**Task prompt:**
No pictures go in the copy. Restate, word for word, each line from the one containing "Jodła Frasera w" through the last line below.

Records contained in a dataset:
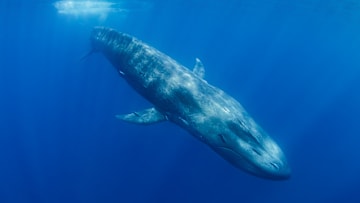 These majestic creatures keep the ocean under control in many ways.
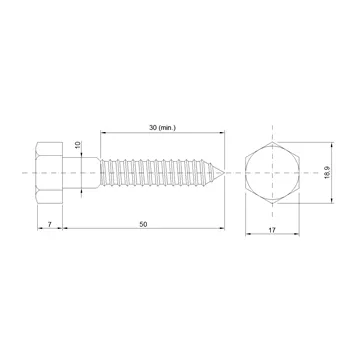 DIN 571 Zn 10,0x 50 vrut 6HR hlava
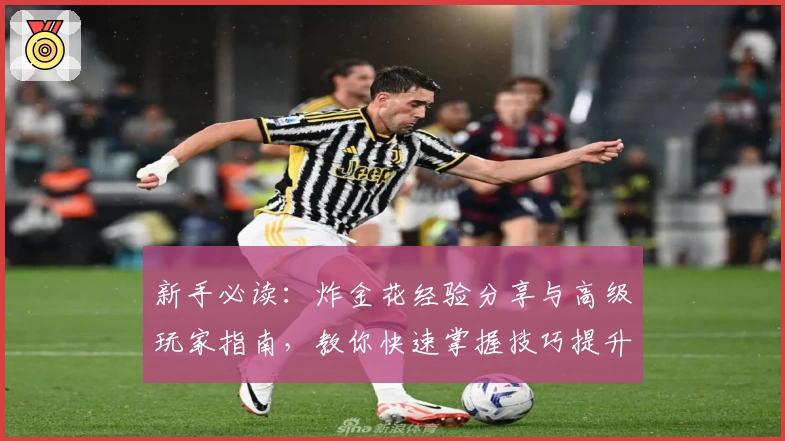 新手必读:炸金花经验分享与高级玩家指南,教你快速掌握技巧提升牌技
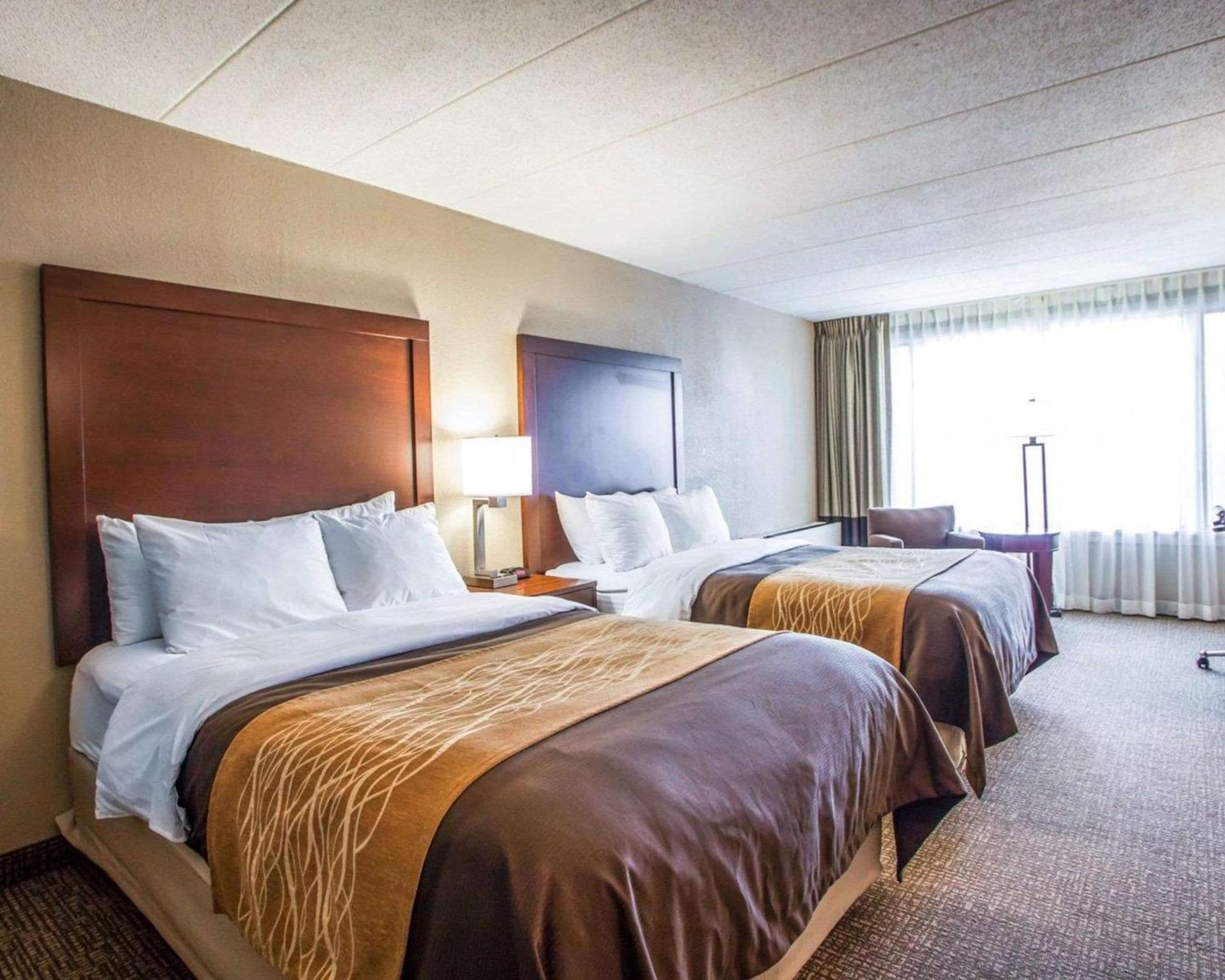 Quality Inn & Suites Orland Park - Chicago gallery photo in Orland Park, IL — image 36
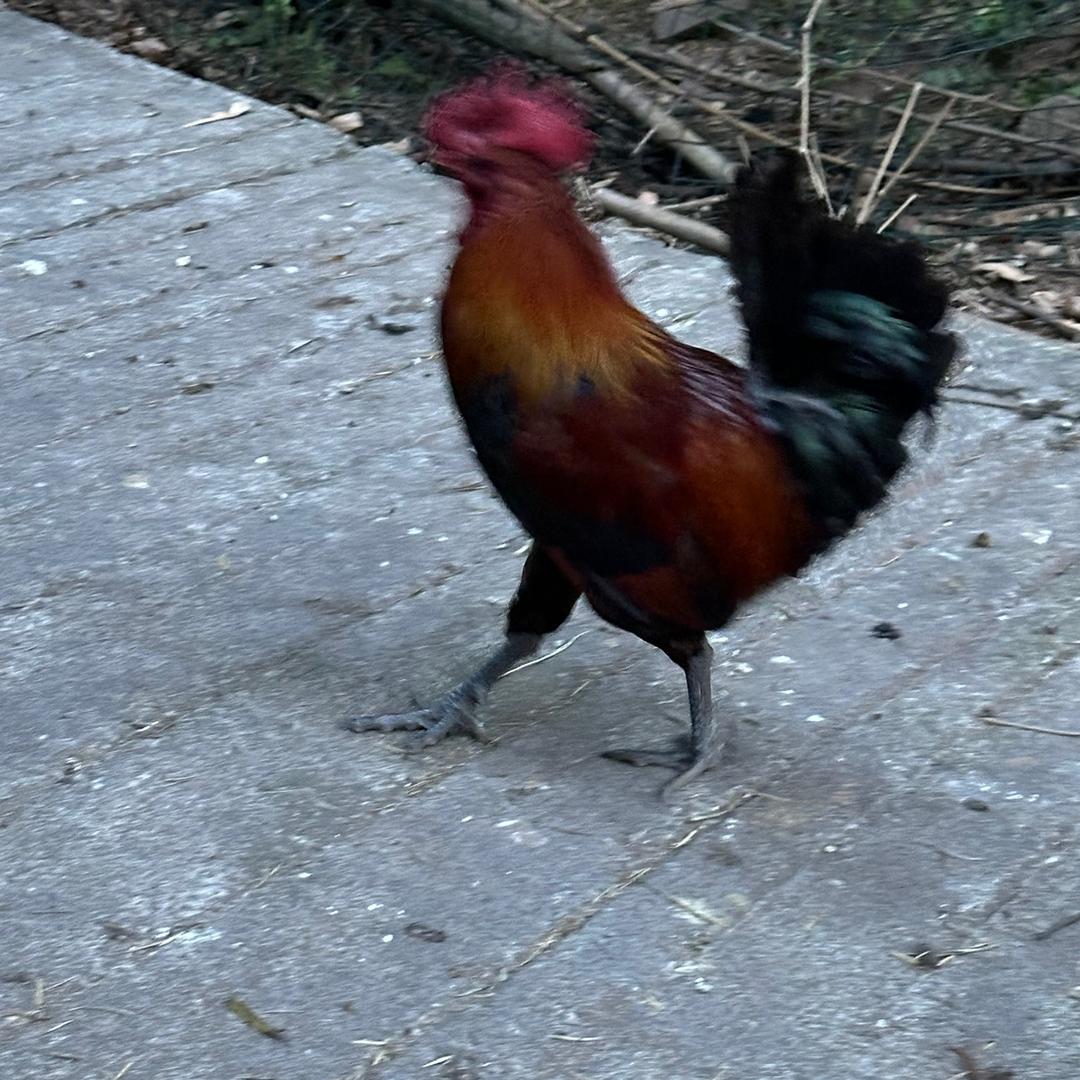 @泸州乌鸡批发零售
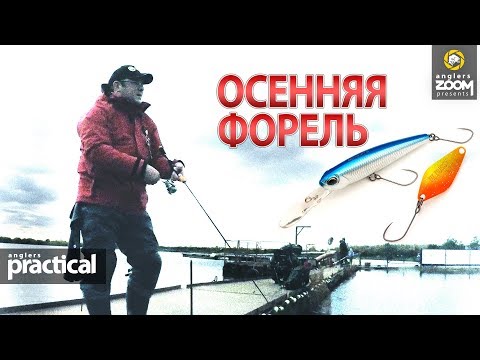 Видео: Две приманки для осенней ФОРЕЛИ. Александр Рыжов. Anglers Practical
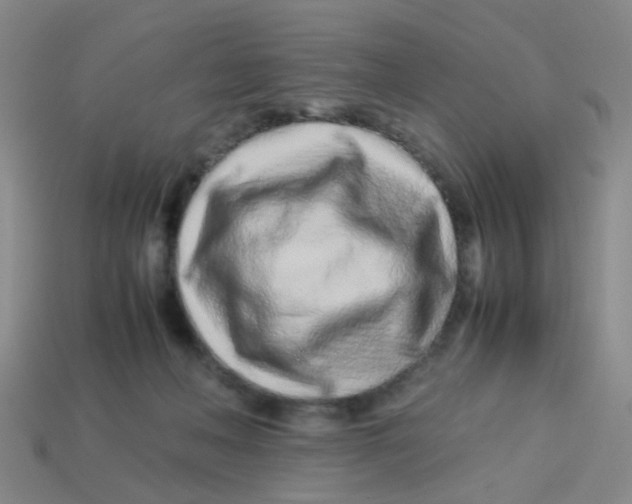 X0000113560222200910161503
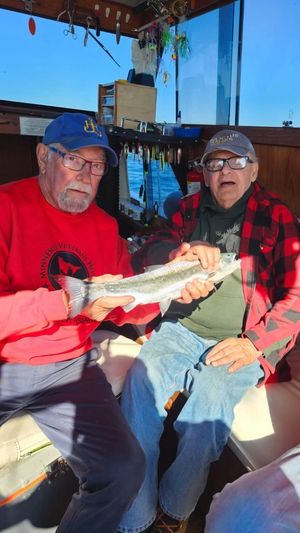 Video post by @MinnesotaDepartmentOfVeteransAffairs on Facebook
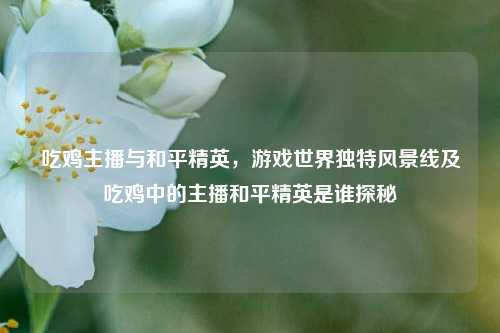 吃鸡主播与和平精英,游戏世界独特风景线及吃鸡中的主播和平精英是谁探秘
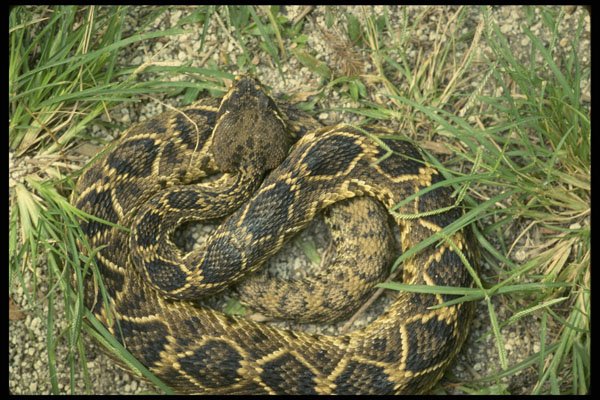 611022 Diamondback Rattlesnake A4 Photo Print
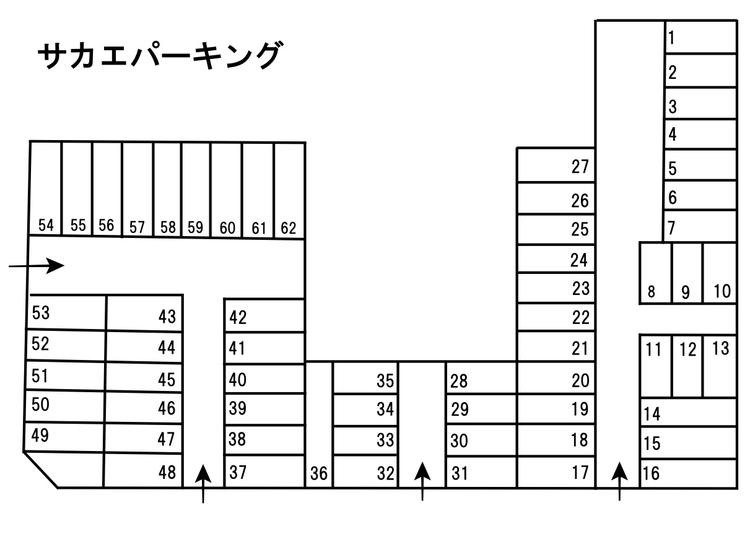 3270.jpg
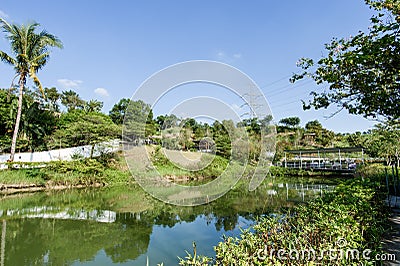 Tainan, Taiwan-November 17, 2017:Beauty views, blue sky and green trees in White Church Park for Tourism and Photo Shooting Editorial Stock Photo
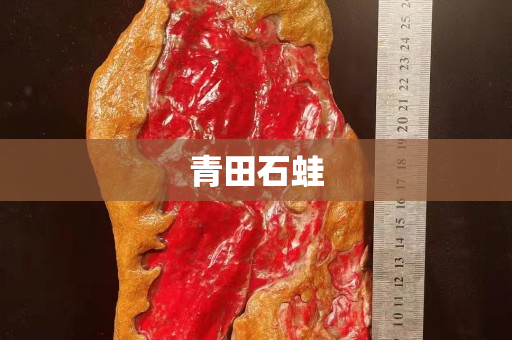 青田石蛙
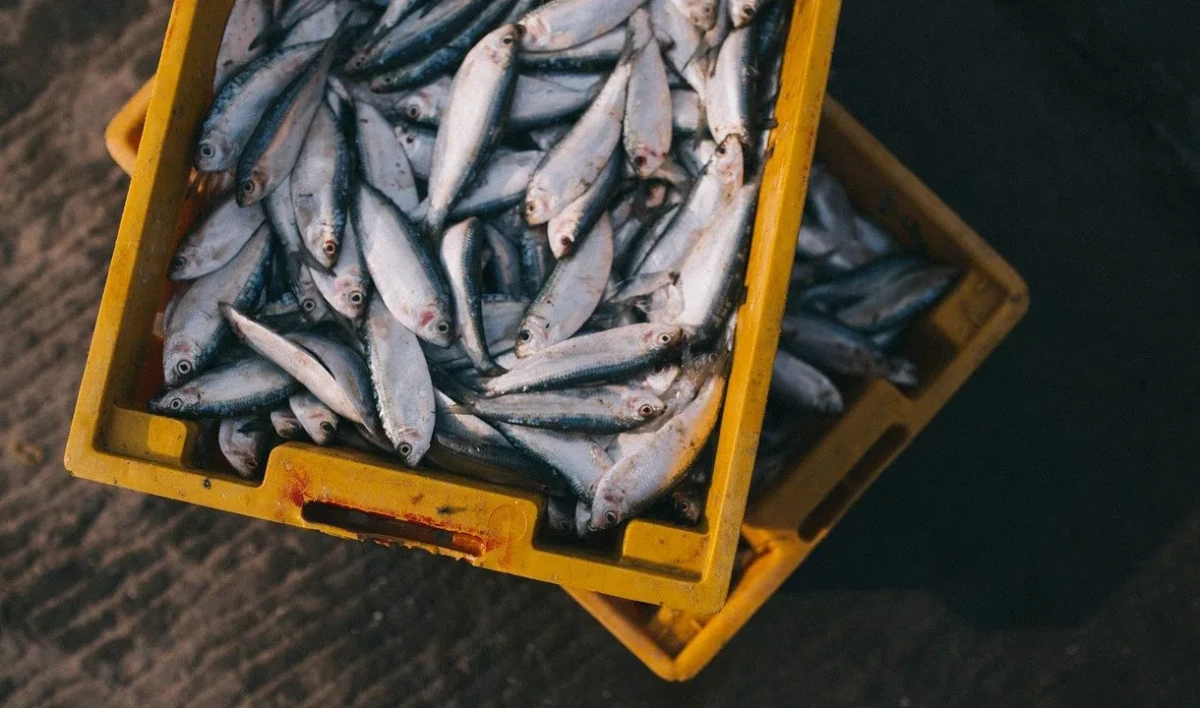 В Китае озвучили новую версию появления COVID-19 - tvspb.ru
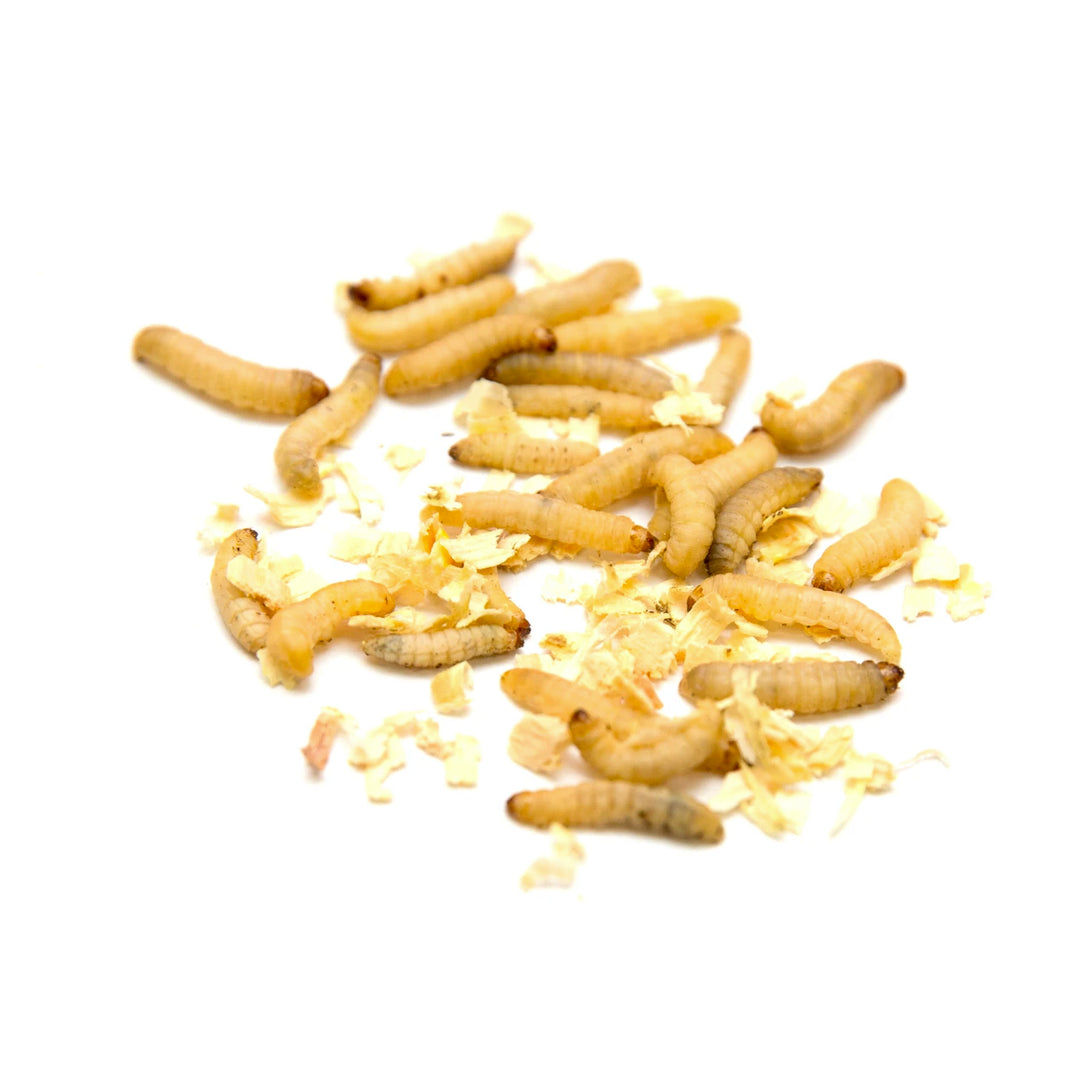 Live Waxworms – Critters and Crawlers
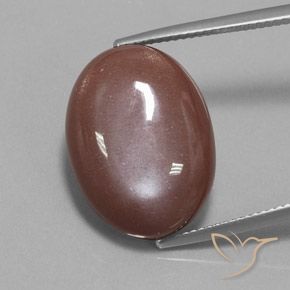 19.73ct Natürlicher Zimtbraun Mondstein, Oval, Lichtundurchlässig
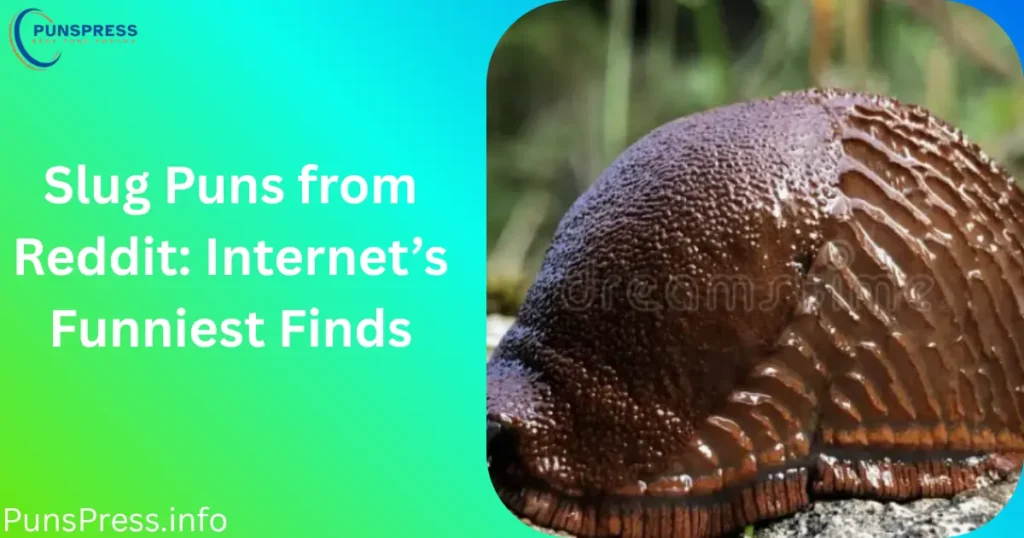 Slug Puns from Reddit Internet’s Funniest Finds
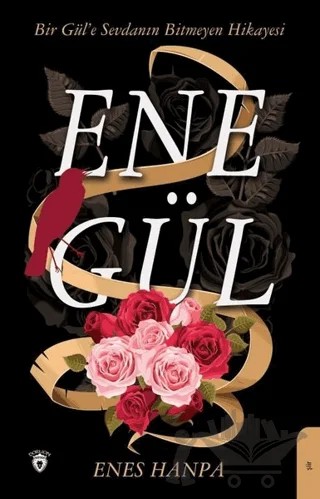 Enegül – Enes Hanpa – Dorlion Yayınları kitap kapağı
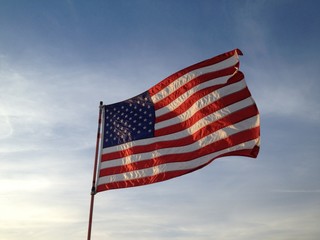 Obraz premium US-Flag-004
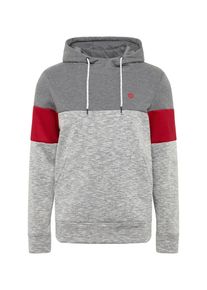 Jack & Jones JACK & JONES, Herren Sweatshirt 'JCOMART SWEAT HOOD', Grau / Rot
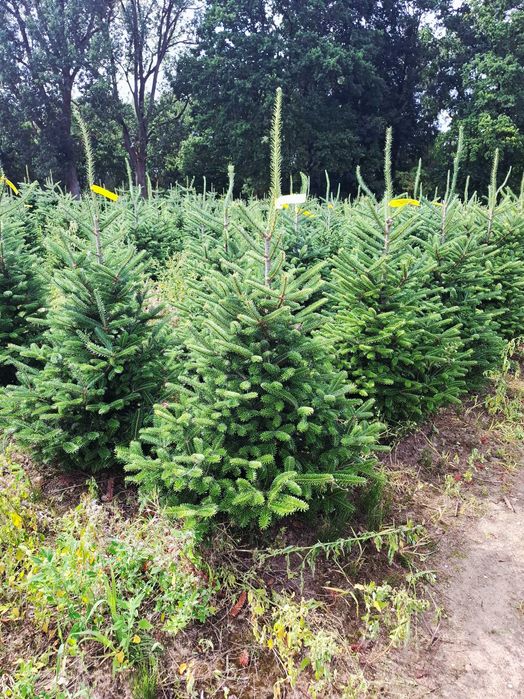 Jodła Frasera w donicy / doniczka 125 - 175 cm- Plantacja TuChoinki.pl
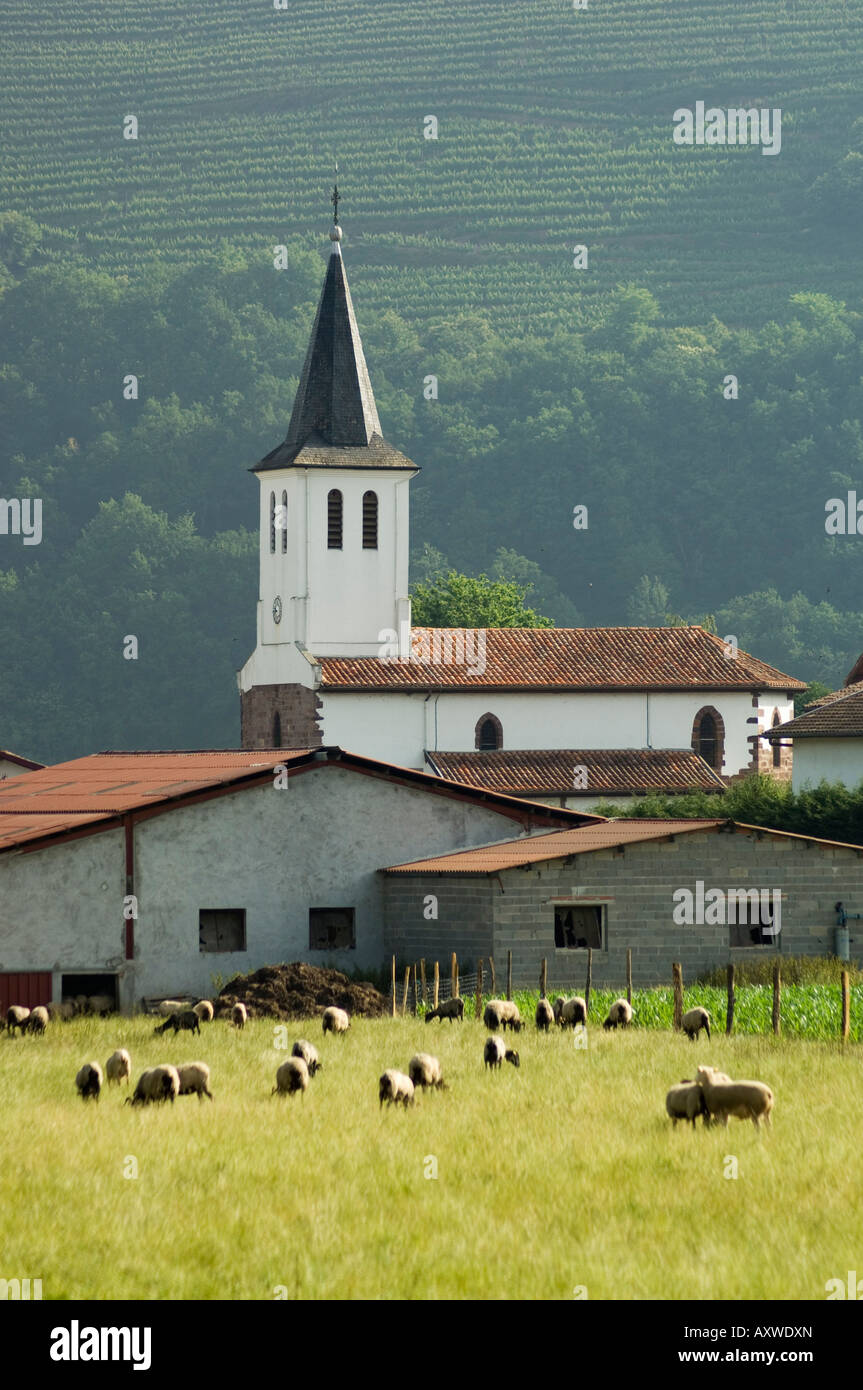 Église de campagne, Pays Basque, Pyrénées-Atlantiques, Aquitaine, France Banque D'Images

**Expected answer:**
 Jodła Frasera w donicy / doniczka 125 - 175 cm- Plantacja TuChoinki.pl
 Église de campagne, Pays Basque, Pyrénées-Atlantiques, Aquitaine, France Banque D'Images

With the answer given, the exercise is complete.